Поэзия Тагора была положена на музыку многими композиторами, среди произведений которых триптих для сопрано и струнного квартета Артура Шеферда (англ.), Лирическая симфония Александра Цемлинского, цикл любовных песен Йозефа Фёрстера, «Странствующий безумец» (Potulný šílenec) Леоша Яначека, вдохновленного выступлением Тагора в Чехословакии в 1922 году, «Прана» на стих «Поток жизни» из «Гитанджали» Гарри ШуманаК:Википедия:Статьи без источников (тип: не указан)[источник не указан 4754 дня]. В 1917 году Ричард Хагман (англ.) перевел и переложил на музыку его стихи, создав одну из известнейших своих песен «Do not go my love»[84]. Джонатан Харвей создал композиции «One Evening» (1994) и «Song Offerings» (1985) на стихи Тагора[85].

Романы

Тагор написал восемь романов, множество новелл и рассказов среди которых «Чатуранга» («Chaturanga»), «Прощальная песня» (также переводится как «Последняя песня», «Shesher Kobita»), «Четыре части» («Char Adhay») и «Ноукадуби» («Noukadubi»).
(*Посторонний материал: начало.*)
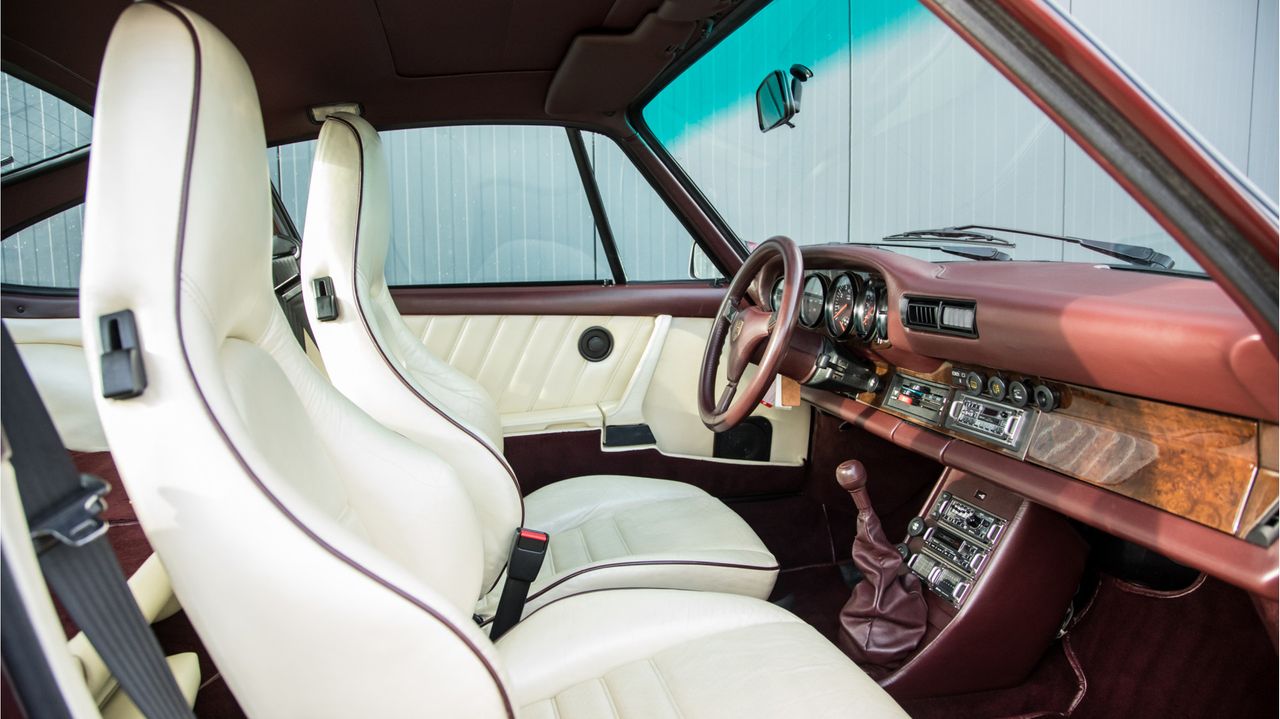 Afbeelding Heb jij drie ton over voor platte lampen?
Новеллы Тагора, в основном описывающие жизнь бенгальского крестьянства, впервые появились на английском языке в 1913 году в сборнике «Страждущие камни и другие рассказы» («Hungry Stones and Other Stories»). Один из известнейших романов, «Дом и мир» («Ghare Baire»), представляет индийское общество сквозь призму видения заминдара-идеалиста Никхила, обнажающего индийский национализм, терроризм и религиозное рвение в движении «Свадеши». Роман заканчивается противостоянием между индуистами и мусульманами и глубокими душевными ранами Никхила[86]. Роман «Светлолицый» («Gora») поднимает противоречивые вопросы индивидуальности Индии. Как и в «Ghare Baire» вопросы самоидентификации (jāti), личной и религиозной свободы прорабатываются в контексте истории семьи и любовного треугольника[87].
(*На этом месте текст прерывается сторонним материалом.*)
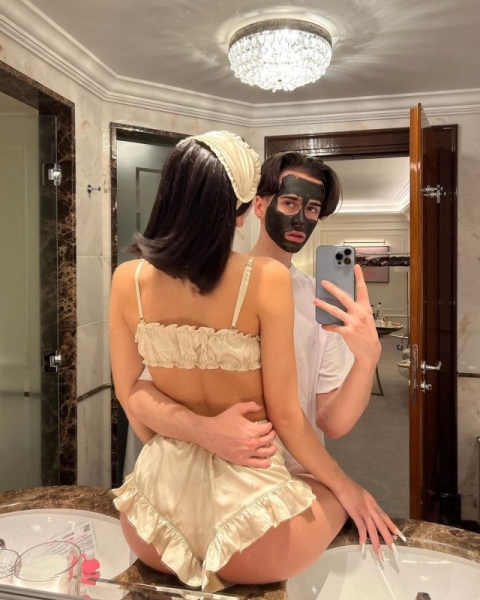 Дина Саева переехала с братом Элджея на Кипр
Рассказ «Взаимоотношения» (также переводится как «Связи», «Jogajog») повествует о соперничестве двух семей Чаттиржи (Бипродас) — ныне обедневших аристократов — и Госалов (Мадхусудан), представляющих новое высокомерное поколение капиталистов. Кумудини, сестра Бипродаса, оказывается меж двух огней выйдя замуж за Мадхусудана, будучи воспитанной под надежной защитой, в уважении к религии и обрядам. Героиня, связанная идеалами ШивыСати на примере Дакшаяни, разрывается между жалостью к судьбе своего прогрессивного, сострадательного брата и его противоположности — своим распутным мужем-эксплуататором. Этот роман посвящён тяжелому положению бенгальских женщин, оказавшихся между долгом, честью семьи и беременностью, так же он показывает снижение влияния земельной олигархии Бенгалии[88].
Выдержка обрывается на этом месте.